Professor Brilliant also speaks of a third image which is extracted from the 1506 version, but achieves an "otherness" even to the point of requiring another category as the image becomes "a vehicle for critical discourse on the nature of art and its powers." A portion of the text deals with specific critical responses. There is also a moment, early in the work, where Professor Brilliant tells about a time when he sat by the two sculptures in the Cortile del Belvedere (which people pass through on their way to the Sistine Chapel) and watched the tourists pass by, observing their responses. A good deal of them were confused by two similar statues placed side by side. Some knew the history of sculpture and knew to some extent that the less authentic is still largely the authoritative version in our culture which has weaved so much time, thought, and history into the 1506 version.
Professor Brilliant writes, "Yet, rarely did they appear to engage the sculpture as a work of art having meaning for them as an aesthetic object of value."

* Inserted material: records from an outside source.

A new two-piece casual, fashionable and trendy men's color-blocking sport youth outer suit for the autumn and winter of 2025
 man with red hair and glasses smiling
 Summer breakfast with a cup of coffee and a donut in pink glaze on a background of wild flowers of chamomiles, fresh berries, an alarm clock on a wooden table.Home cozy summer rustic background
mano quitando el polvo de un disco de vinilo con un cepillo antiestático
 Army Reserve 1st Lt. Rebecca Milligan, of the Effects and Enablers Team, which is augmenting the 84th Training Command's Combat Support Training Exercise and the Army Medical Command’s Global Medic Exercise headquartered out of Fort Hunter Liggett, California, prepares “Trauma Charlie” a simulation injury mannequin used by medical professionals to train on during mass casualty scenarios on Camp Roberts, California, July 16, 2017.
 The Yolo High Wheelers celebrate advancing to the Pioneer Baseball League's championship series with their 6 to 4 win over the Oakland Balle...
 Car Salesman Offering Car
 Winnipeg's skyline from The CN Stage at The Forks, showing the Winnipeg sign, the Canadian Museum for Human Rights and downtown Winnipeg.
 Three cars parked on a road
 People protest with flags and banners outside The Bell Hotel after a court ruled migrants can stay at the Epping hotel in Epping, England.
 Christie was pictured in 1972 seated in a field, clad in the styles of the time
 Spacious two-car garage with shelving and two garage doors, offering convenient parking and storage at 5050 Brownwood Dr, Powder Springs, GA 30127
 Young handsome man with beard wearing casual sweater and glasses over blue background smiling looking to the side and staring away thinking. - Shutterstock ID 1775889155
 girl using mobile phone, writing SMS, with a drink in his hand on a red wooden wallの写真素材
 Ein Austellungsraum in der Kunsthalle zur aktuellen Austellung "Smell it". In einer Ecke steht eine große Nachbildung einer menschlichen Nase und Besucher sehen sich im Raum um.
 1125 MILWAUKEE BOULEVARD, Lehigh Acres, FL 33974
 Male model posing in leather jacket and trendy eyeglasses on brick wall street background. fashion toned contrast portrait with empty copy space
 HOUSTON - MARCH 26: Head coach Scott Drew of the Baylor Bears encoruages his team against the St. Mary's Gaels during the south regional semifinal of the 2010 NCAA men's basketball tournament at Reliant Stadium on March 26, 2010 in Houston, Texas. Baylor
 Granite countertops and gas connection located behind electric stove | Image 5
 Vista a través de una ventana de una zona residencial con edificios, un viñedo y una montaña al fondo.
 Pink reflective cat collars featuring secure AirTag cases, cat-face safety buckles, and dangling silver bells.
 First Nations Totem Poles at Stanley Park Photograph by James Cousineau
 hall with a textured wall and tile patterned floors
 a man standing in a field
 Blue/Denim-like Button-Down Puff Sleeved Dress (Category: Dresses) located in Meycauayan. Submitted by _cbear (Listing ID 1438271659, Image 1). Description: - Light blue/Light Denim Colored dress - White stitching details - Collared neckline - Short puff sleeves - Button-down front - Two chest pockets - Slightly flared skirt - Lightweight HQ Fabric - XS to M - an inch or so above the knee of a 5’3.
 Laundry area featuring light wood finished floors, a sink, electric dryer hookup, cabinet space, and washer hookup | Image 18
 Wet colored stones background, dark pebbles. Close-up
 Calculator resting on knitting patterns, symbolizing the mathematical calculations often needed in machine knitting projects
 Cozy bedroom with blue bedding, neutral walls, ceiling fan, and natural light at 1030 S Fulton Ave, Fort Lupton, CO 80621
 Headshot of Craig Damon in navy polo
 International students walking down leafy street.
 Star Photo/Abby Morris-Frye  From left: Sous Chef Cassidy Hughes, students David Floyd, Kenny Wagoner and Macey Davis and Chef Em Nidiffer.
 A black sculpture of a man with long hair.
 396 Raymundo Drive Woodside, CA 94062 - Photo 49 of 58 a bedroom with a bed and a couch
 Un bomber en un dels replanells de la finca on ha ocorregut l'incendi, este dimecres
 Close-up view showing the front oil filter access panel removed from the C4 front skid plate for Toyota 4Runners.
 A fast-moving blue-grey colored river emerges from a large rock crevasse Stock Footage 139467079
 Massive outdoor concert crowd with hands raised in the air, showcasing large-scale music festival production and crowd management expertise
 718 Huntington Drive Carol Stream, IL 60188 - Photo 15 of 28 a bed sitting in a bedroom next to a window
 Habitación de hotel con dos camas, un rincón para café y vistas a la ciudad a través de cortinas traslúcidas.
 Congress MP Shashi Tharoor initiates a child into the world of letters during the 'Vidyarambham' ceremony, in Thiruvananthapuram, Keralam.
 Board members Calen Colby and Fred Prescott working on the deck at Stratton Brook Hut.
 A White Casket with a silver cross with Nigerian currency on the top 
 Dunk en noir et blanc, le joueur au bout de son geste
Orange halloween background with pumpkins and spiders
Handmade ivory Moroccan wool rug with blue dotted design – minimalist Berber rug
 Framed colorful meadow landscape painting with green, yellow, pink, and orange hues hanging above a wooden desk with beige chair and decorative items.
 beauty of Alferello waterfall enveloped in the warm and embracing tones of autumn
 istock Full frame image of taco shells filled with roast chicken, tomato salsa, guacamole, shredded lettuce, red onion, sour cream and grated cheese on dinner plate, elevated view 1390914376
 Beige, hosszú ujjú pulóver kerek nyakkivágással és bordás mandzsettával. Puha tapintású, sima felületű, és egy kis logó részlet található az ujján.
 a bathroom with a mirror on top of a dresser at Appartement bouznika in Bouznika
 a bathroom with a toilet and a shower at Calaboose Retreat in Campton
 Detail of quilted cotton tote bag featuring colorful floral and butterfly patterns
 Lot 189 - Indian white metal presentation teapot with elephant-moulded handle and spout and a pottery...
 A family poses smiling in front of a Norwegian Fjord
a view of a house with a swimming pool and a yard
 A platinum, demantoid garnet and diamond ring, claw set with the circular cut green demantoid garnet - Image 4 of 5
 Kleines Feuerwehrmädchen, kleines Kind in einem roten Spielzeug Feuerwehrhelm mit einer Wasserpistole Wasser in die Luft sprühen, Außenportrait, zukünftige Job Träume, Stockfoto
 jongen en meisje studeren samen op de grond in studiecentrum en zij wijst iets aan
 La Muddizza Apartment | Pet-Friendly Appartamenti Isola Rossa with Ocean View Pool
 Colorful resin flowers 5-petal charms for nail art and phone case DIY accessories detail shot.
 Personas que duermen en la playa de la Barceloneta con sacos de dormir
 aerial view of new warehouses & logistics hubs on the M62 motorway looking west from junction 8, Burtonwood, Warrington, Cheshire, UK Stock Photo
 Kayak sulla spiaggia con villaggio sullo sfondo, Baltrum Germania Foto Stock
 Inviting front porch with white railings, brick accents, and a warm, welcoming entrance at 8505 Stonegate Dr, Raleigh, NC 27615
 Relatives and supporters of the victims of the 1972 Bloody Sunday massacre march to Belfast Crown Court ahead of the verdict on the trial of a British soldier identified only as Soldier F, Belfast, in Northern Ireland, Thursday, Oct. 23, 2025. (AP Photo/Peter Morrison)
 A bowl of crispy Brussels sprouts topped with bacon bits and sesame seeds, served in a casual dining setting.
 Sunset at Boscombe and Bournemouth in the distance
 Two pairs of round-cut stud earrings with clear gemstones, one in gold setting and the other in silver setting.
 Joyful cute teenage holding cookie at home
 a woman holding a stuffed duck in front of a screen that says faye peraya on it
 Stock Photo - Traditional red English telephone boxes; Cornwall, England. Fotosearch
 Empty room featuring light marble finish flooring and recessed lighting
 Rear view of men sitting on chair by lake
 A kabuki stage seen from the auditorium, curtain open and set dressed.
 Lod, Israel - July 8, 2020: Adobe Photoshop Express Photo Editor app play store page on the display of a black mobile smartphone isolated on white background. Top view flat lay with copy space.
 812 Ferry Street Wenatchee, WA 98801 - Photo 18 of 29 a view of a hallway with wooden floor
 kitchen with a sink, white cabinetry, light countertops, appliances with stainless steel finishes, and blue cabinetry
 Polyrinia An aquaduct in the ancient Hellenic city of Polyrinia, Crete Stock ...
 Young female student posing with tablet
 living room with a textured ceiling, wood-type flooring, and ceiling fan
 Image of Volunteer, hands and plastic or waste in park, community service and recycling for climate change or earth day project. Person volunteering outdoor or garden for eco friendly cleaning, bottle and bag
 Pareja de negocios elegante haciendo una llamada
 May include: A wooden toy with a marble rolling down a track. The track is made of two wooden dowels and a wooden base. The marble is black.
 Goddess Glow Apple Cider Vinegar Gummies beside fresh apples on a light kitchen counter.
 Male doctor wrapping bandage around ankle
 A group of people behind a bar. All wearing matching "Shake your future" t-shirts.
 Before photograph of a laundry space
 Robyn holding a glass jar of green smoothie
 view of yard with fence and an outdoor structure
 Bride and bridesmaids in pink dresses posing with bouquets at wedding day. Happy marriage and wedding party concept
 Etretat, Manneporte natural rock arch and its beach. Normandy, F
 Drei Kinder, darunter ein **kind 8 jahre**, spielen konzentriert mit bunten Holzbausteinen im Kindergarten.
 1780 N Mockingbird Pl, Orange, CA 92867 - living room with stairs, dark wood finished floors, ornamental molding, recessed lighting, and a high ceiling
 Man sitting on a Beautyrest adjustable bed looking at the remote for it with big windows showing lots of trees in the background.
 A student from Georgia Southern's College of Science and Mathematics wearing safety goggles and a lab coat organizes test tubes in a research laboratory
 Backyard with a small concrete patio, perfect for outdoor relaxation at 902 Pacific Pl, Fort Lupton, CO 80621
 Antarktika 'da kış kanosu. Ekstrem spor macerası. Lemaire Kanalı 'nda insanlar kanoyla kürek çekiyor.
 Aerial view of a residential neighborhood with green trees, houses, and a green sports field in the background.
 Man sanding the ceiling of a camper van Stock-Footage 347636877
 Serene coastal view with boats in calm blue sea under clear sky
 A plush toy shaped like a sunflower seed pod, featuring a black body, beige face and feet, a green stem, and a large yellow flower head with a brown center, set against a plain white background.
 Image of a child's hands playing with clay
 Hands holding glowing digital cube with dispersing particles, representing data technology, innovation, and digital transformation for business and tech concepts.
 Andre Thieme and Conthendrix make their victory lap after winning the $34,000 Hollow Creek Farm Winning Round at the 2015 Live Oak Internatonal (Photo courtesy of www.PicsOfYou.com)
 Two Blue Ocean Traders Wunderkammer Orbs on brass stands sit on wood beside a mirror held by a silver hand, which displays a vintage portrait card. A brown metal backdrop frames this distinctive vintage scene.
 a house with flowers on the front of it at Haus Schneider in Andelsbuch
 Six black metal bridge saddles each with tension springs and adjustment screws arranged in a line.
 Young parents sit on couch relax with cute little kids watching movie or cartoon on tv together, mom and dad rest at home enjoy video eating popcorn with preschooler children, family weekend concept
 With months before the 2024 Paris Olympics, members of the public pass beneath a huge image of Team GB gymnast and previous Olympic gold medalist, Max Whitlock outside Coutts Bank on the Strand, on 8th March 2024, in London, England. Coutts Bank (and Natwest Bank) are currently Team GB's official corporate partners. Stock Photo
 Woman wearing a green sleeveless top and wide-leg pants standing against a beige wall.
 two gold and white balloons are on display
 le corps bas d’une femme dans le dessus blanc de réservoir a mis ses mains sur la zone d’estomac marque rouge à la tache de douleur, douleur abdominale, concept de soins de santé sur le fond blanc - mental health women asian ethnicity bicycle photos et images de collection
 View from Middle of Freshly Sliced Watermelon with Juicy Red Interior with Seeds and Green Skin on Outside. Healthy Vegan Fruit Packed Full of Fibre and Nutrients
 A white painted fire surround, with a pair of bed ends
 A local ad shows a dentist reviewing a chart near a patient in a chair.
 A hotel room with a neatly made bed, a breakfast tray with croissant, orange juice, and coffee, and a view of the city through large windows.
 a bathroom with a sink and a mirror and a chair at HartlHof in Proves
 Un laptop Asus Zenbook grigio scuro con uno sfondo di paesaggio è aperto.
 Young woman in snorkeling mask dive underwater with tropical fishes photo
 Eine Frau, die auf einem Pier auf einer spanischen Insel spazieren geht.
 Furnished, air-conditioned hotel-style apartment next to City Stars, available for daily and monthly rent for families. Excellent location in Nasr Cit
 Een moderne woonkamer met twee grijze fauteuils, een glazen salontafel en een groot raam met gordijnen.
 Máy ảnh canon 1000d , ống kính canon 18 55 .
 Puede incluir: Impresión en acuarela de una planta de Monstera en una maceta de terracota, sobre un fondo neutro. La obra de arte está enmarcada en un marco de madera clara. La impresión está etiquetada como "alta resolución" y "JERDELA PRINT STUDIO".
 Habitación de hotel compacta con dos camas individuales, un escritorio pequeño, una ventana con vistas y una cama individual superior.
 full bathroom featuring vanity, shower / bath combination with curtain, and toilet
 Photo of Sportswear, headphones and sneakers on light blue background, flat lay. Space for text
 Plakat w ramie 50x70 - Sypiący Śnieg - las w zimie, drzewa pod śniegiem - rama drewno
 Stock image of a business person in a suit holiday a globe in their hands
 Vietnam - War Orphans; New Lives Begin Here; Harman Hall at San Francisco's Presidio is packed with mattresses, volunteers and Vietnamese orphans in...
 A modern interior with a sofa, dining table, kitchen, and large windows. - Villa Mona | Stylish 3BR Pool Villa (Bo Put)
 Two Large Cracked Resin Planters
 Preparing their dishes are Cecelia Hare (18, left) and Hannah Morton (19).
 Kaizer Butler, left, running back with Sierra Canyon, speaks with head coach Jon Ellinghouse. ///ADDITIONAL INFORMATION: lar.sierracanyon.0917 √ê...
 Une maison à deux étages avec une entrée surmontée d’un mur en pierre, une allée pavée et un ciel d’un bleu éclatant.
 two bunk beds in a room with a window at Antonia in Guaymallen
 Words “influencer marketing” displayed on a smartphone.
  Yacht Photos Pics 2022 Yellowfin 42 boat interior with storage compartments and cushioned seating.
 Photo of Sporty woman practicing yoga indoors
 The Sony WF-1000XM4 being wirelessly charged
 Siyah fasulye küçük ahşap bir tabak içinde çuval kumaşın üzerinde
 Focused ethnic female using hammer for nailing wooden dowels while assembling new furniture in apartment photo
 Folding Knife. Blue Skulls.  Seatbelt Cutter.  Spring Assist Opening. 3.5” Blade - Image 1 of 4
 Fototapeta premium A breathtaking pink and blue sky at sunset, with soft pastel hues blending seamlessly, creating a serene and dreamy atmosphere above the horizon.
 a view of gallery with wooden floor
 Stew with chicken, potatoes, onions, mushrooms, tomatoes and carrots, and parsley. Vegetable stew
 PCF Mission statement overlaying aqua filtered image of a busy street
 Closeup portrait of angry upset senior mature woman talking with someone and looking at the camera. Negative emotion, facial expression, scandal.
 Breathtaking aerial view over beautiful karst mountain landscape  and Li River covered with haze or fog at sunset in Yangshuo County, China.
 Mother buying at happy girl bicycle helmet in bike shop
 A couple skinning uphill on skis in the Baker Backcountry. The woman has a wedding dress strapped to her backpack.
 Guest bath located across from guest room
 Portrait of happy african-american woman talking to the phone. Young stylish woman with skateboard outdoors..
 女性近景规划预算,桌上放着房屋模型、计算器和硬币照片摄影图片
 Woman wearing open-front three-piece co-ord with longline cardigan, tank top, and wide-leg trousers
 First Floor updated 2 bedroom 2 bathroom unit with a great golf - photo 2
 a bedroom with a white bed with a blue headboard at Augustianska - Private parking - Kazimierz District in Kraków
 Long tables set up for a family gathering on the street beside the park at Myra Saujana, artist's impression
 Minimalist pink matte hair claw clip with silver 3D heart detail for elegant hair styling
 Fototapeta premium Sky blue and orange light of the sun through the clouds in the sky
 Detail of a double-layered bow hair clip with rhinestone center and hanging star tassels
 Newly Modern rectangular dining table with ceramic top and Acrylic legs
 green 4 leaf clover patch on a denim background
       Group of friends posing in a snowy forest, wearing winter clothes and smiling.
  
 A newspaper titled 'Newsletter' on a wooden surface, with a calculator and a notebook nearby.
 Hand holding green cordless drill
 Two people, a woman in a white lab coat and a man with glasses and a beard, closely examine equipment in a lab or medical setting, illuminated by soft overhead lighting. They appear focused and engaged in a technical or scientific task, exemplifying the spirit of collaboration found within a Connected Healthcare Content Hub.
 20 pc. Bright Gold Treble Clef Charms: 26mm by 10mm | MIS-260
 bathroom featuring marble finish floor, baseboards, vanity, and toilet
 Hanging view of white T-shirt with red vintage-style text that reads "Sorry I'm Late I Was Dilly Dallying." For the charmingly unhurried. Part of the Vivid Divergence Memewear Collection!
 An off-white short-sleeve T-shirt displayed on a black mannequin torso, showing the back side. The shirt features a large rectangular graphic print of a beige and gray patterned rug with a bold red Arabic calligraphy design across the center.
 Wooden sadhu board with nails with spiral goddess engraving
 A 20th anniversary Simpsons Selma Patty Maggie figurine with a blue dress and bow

I felt that, at this moment, he reveals a sort of superobjective, an unspoken thesis. By no means is this an anti-intellectualism argument. I do know art, and I like what I know. Notwithstanding, there is a danger of opacity on either end of the spectrum: be it through ignorance and apathy, or be it through seeing the image so much through the filter of what others have written/thought about it that one cannot see the image for itself. Indeed, the book is also, in fact I would dare suggest primarily, about ways of seeing art, using a piece with a history of interpretation and reproduction variants wrapping around the piece like so many snakes.
He also compares the ways of seeing the Laocoön with other masterpieces that have suffered similar contortionistic manipulations. He mentions Titian's Sacred and Profane Love:
Which is likely not even the original title or subject matter. He spends a portion of the book talking about titles, both important as reference points and misleading. For example, he also talks of Picasso's Les Demoiselles d'Avignon. Picasso himself was reluctant (petulant even) to name his paintings.
He also brings up Velasquez's Las Meninas (I have a reproduction of it in my living room.) The enigmatic presentation of the image has inspired volume upon speculative volume on the piece:
I cannot speak for Professor Brilliant, although I thoroughly enjoyed the ameliorating experience provided by way of his work. I have my suspicions that he would agree with a metaphor of my own devising on the matter. There is little in this life so enriching as to be excited about art. The arts reflect the highest aspirations of humankind. To seek to know more is a natural outworking of said excitement. Looking to what's been observed about a work is a bit like spicing a dish. Properly measured, it can make the entire experience much richer than it ever could be on its own. Poorly measured, it can drown all of the inherent flavor of the dish. I'm not sure if it was his intention to put so fine a point of this danger, however I find it was my primary takeaway from the book.